A lawyer for Mr. Lindberg, Brandon McCarthy, said in an opening statement that the businessman’s donations were prompted by a question from North Carolina Insurance Commissioner Mike Causey at one early meeting: “What’s in it for me?”
But U.S. government lawyer James C. Mann told jurors the case is about “bribery, pure and simple."
Specifically, he said, Mr. Lindberg promised $2 million in campaign money for the replacement of a senior regulator who was overseeing Mr. Lindberg’s insurers with someone he deemed more favorable. He needed “a clean bill of health” for his life insurers so he could make more acquisitions to further expand his conglomerate, Mr. Mann said in his opening statement.
A self-proclaimed billionaire, Mr. Lindberg bought life insurers in the U.S. and abroad beginning in 2014 and lent at least $2 billion of their assets to entities he controlled. North Carolina regulators took control of four of the insurers last June, and those insurers have since asked a state court to appoint a receiver over hundreds of Mr. Lindberg’s private entities that owe them money.
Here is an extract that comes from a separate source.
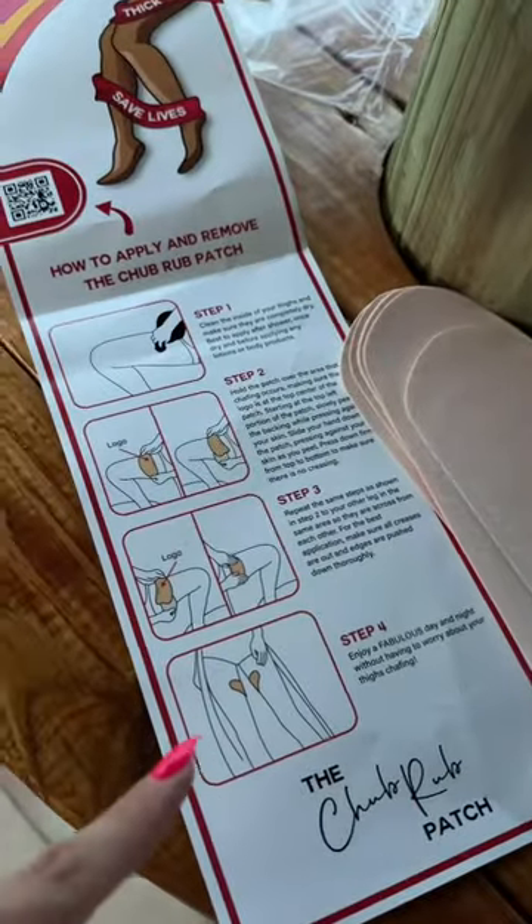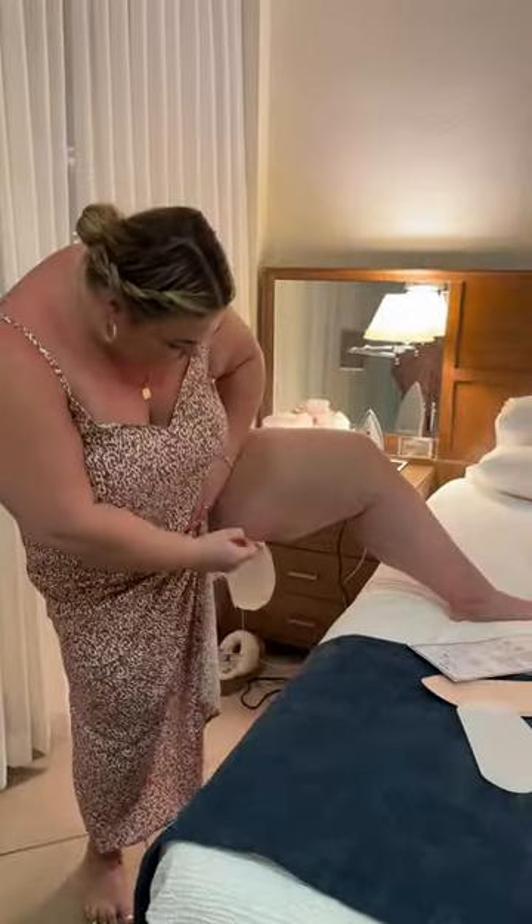Plus size girl here on vacation with chub rub. I found these on Amazon — the chub rub patch — and we're gonna see if they work. I love the Monistat Chafe Relief Powder Gel and I want to see if this is better. I got the three pack. Here's what the directions look like. I'm gonna have to go back to my hotel room to put these on. I'm wondering if it's gonna be big enough.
Mr. Lindberg’s insurance empire was the focus of a February 2019 investigative article in The Wall Street Journal. A separate federal probe is continuing to investigate potential fraud in Mr. Lindberg’s business dealings, filings show.
The bribery trial began Tuesday with selection of jurors, in a case that could bring up to 20 years of jail on one charge, and 10 years on another.
This week, Mr. Lindberg has spent hours quietly sitting at a table flanked by lawyers. Two co-defendants are at adjacent tables, each with at least three attorneys.
In another sign of the large amount of money being spent on defense, four mock jurors are sitting in the courtroom to give feedback to Mr. Lindberg’s team.
The setting is a wood-paneled, high-ceilinged courtroom rich in history, but it lacks big screens and other modern technology for viewing and listening to the dozens of secretly recorded videos and phone calls that form the core of the government’s case. Those videos and phone calls were recorded in 2018 by Mr. Causey, under the direction of federal officials.
With prosecutors, defendants, their lawyers and jurors focused on small screens, the government has played about a dozen recordings so far. Defense lawyers are expected to question Mr. Causey Monday, seeking to persuade jurors that he overstepped boundaries prohibiting authorities from inducing people into wrongdoing, so-called entrapment.
The recordings came about after Mr. Causey, who was elected in November 2016, approached federal officials in late 2017 with concerns about the Lindberg insurers’ unorthodox investment strategy. He was also unnerved because Mr. Lindberg’s consultant, John D. Gray, who is a co-defendant, had told him that Mr. Lindberg wanted to aid his 2020 re-election, he testified this week.
So far in the recordings, jurors have heard Messrs.Lindberg and Gray repeatedly criticize the deputy commissioner who was overseeing the Lindberg insurers. They told the commissioner they supported robust and stringent regulation, but the deputy was unqualified to understand the insurers’ investments. She was “ruining my reputation” with other state regulators with malicious statements, Mr. Lindberg asserted.
Mr. Causey has said publicly that the deputy, Jackie Obusek, is a knowledgeable and able regulator. In the recordings, Mr. Causey defended Ms. Obusek as well-intentioned as she pushed for more detail about Mr. Lindberg’s investments. But he told the businessman he was open to replacing her—and thus came the question about how he would benefit.
From then on, Mr. Causey repeatedly asked Messrs. Lindberg and Gray about the size and nature of contributions to aid his 2020 re-election.
At first, Mr. Lindberg suggested Mr. Causey hire one of his employees, a former International Business Machines Corp. executive named John V. Palermo Jr., now the third co-defendant.
Some weeks later, Messrs. Lindberg and Causey deemed Mr. Palermo’s hiring problematic, and discussed transferring oversight of his insurers to another insurance-department deputy commissioner.
Entrapment can occur when a person with no intent to commit a crime is induced or persuaded by law-enforcement officers or their agents to commit the offense. Mr. Lindberg’s lawyers say in a filing that Mr. Causey “had strong motivation to entrap Mr. Lindberg” as he “was a major supporter” of the former insurance commissioner, Wayne Goodwin, whom Mr. Causey narrowly defeated.
Mr. Lindberg sought to do “whatever is within the bounds of North Carolina elections law,” his lawyer told jurors.
A fourth defendant, Robin Hayes, a former congressman and former chairman of North Carolina’s Republican Party, has already pleaded guilty to a single count of lying to the Federal Bureau of Investigation.